Each of the panels 110 includes a pixel unit 120, a scan driver
130, a data driver 140, a test unit 150, a first wiring line group
160, a second wiring line group 170, and a first power source line
161.
[0026] The first wiring line group 160 includes a first, second,
and third wiring lines 163, 165, and 167. The first wiring line
group 160 is formed in a first or vertical direction. The first
wiring line 163 receives scan control signals from the outside and
supplies them to the scan driver 130. The second wiring line 165
receives a third power source VDD from the outside and supplies it
to the scan driver 130. The third wiring line 167 receives a fourth
power source VSS from the outside and supplies it to the scan
driver 130. The first, second, and third wiring lines 163, 165, and
167 are electrically connected to pads formed in a pad unit 180 of
each of the panels 110. The first, second, and third wiring lines
163, 165, and 167 may be used as signal lines and power source
lines for driving the panels 110. The pads will be described in
detail with reference to FIG. 8. According to one embodiment,
additional space between the first, second, and third wiring lines
163, 165, and 167 is not required.
[0027] In one embodiment, the second wiring line group 170 includes
a fourth wiring line 173 and a fifth wiring line 175. The second
wiring line group 170 is formed in a second or horizontal
direction.
[0028] The fourth wiring line 173 receives a second power source
ELVSS from the outside and supplies it to pixels in the pixel unit
120. The fifth wiring line 175 receives illumination signals and
supplies them to the test unit 150. The fourth and fifth wiring
lines 173 and 175 are electrically connected to the pads formed in
the pad unit 180 of each of the panels 110.

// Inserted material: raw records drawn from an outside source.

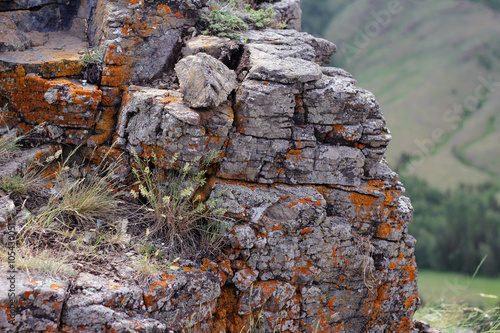 Lichen stone cliff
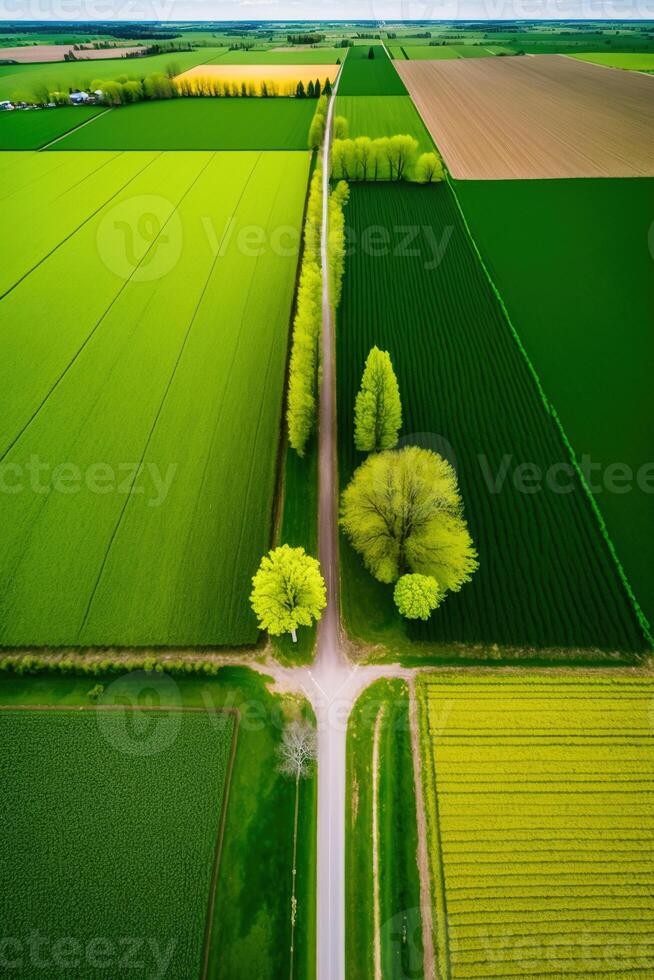 , Farm landscape, agricultural fields, beautiful countryside, country road. Nature Illustration, photorealistic top view drone, vertical format photo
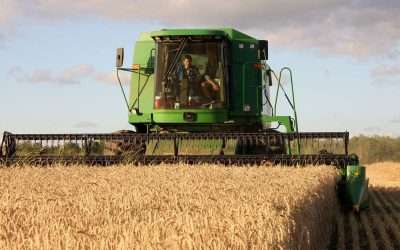 US Wheat Growers Seize Profit Opportunity Amid Global Supply Challenges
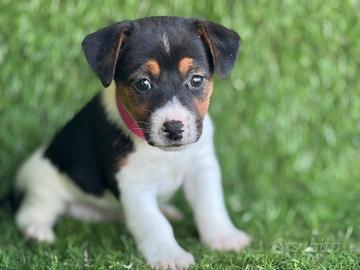 Jack Russell 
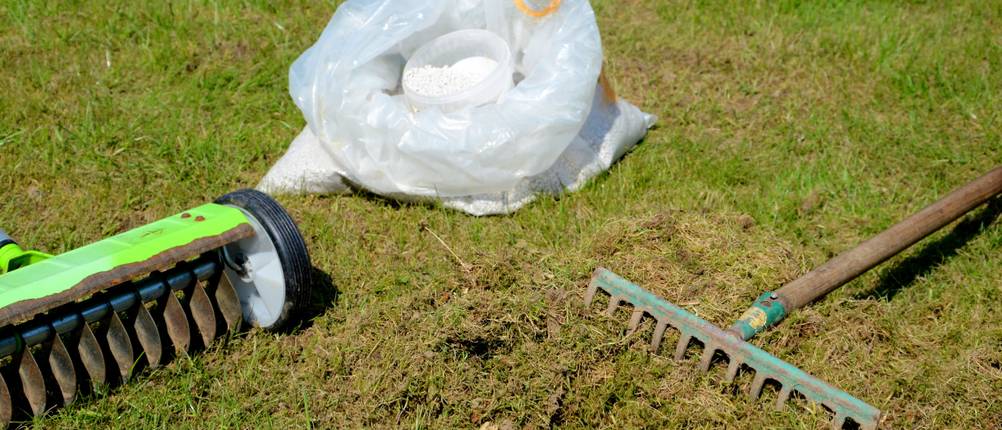 Handvertikutierer liegen auf vertikutiertem Rasen.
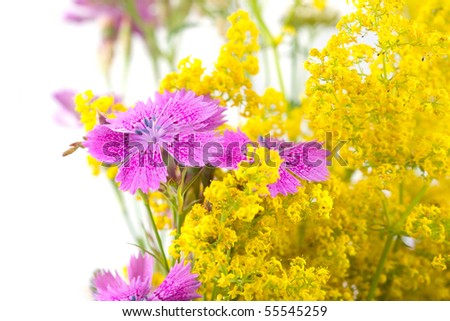 Beautiful bouquet of wild flowers on a white background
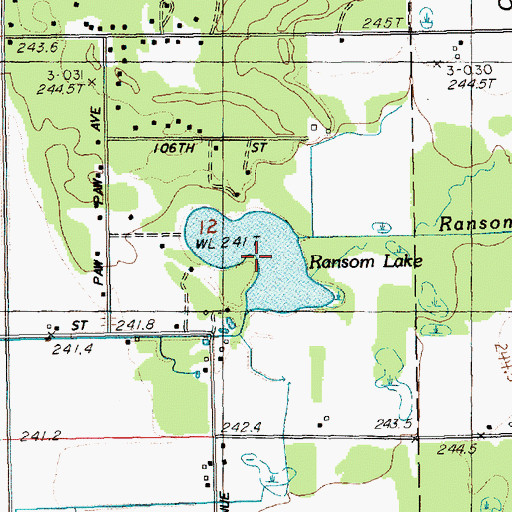 Topographic Map of Ransom Lake, MI
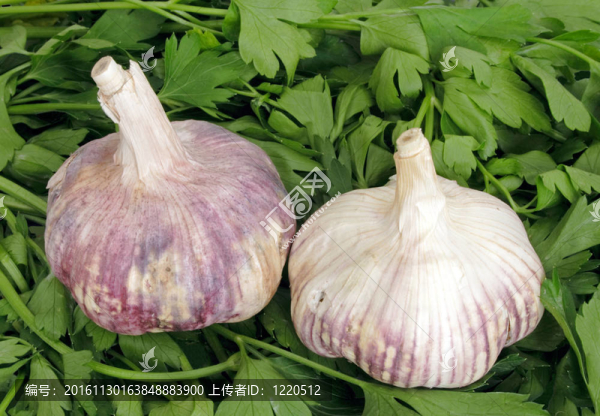 大蒜和香菜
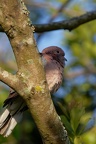 Columbidae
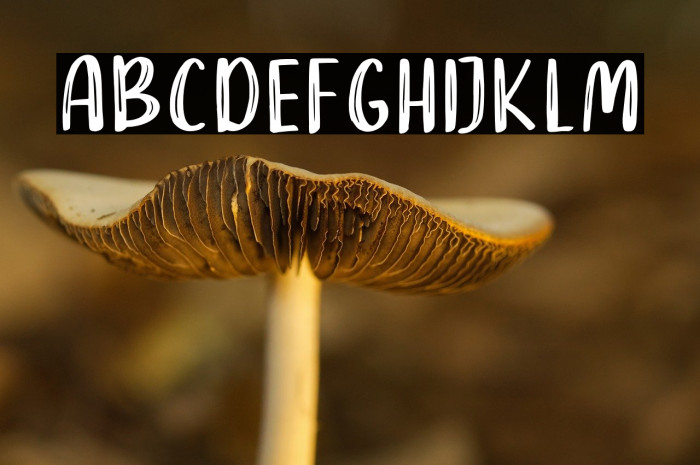 DEAR RAINA Example 3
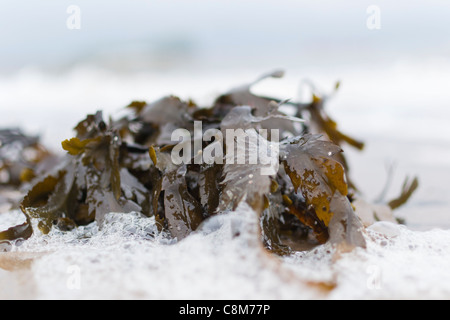 Fucus alga lavato fino a una spiaggia in Scozia. Foto Stock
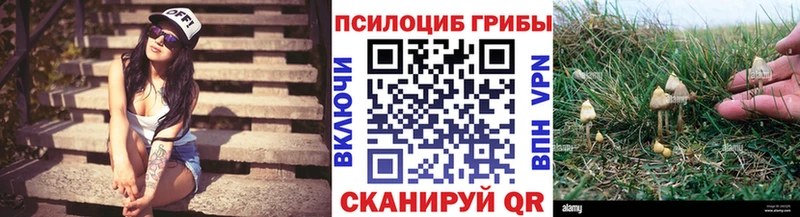 Галлюциногенные грибы Psilocybine cubensis  Грязи 
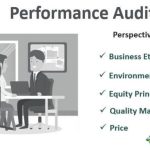 Performance Audit - Meaning, Example, Objective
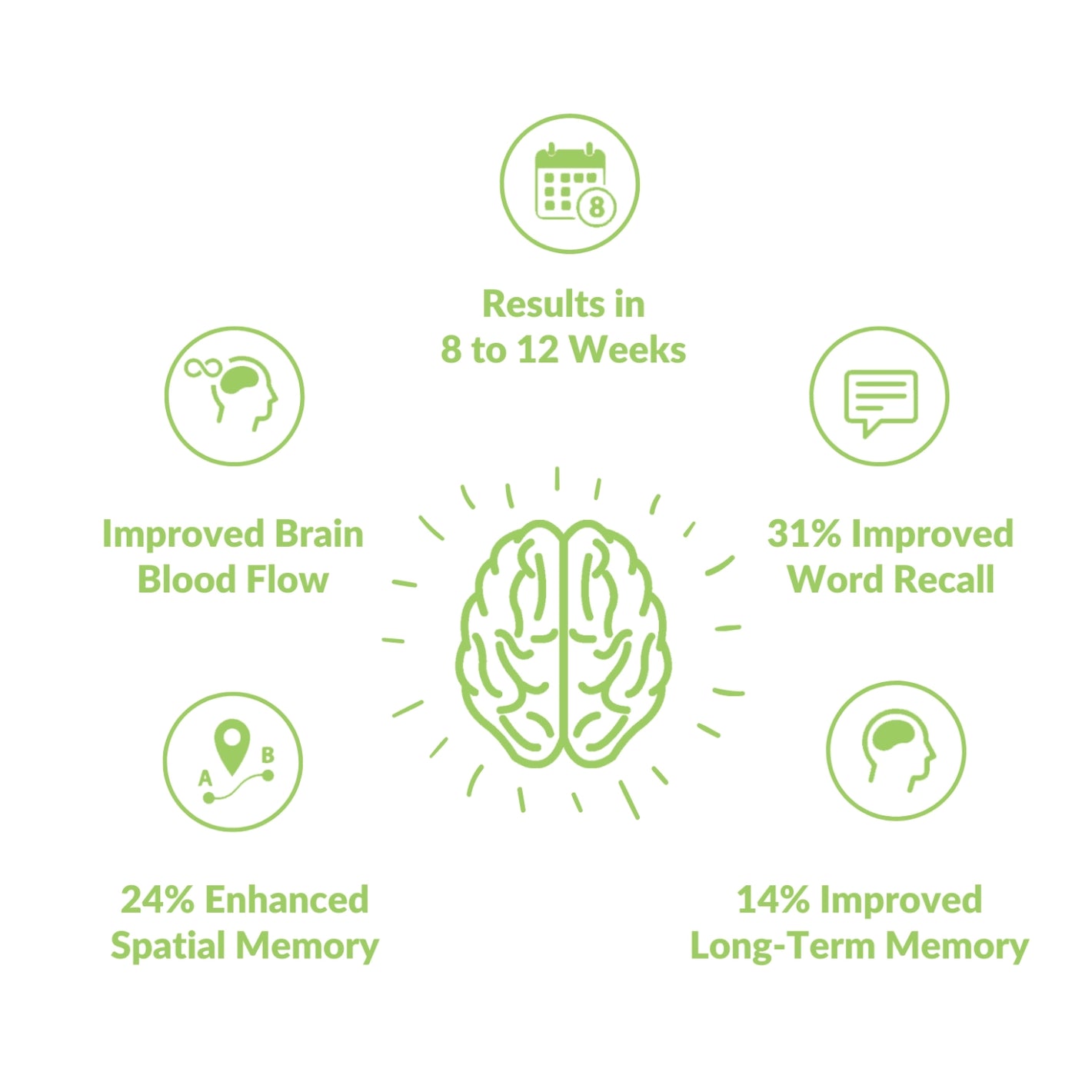 Results in 8 to 12 weeks. 31% Improved Word Recall. 14% Improved Long-Term Memory. 24% Enhanced Spatial Memory. Improved Brain Blood Flow.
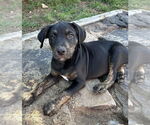 Small #3 Boxador
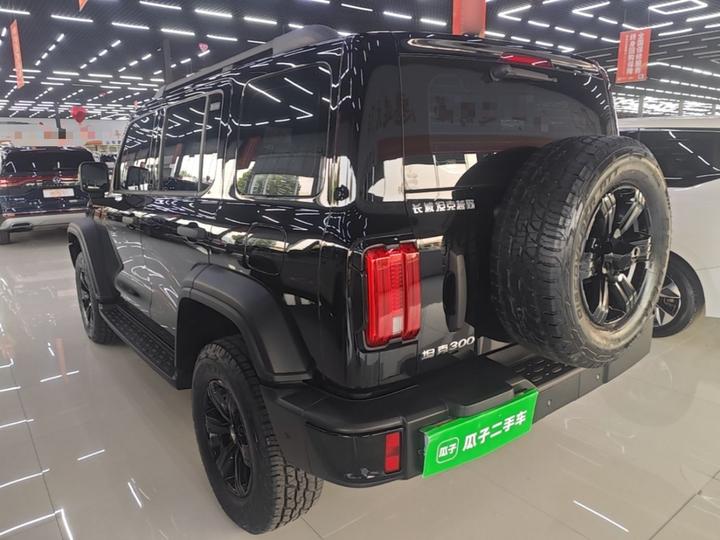 300 2025 2.0T Petrol Conqueror photo 4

[0029] The first power source line 161 is formed in the first or
vertical direction at the edge on the opposite side of the panel
from the first wiring line group 160 in each of the panels 110. The
first power source line 161 receives a first power source ELVDD
from the outside and supplies it to the pixels in the pixel unit
120. The first power source line 161 is electrically connected to
the pads in the pad unit 180.
[0030] The pixel unit 120 comprises a plurality of pixels (not
shown). The pixels may comprise organic light emitting diodes
(OLED). The pixel unit 120 receives the first power source ELVDD,
the second power source ELVSS, scan signals, and data signals, and
displays images.
[0031] The scan driver 130 sequentially supplies scan signals to
scan lines. When tesing display panels, the scan driver 130
receives the scan control signals and the third and fourth power
sources VDD and VSS from the first wiring line group 160. The scan
driver then generates the scan signals for testing the display
panels on a substrate basis. On the other hand, after the substrate
is scribed and divided into individual panels, the scan driver 130
receives the scan control signals and the third and fourth power
sources VDD and VSS from the pads and then generates the scan
signals.
[0032] The data driver 140 receives data from the outside through
the pads in the pad unit 180 and generates data signals. The data
signals are supplied to the pixel unit 120. According to one
embodiment, the data driver 140 is mounted on the panel 110. In
other embodiments, the data driver may not be provided on the panel
110.
[0033] The test unit 150 receives illumination signals from the
fifth wiring line 175. The test unit 150 then supplies the
illumination signals to data lines. The illumination signals may
include an illumination test signal, an aging test signal, and a
leakage current test signal for the pixels in the pixel unit 120.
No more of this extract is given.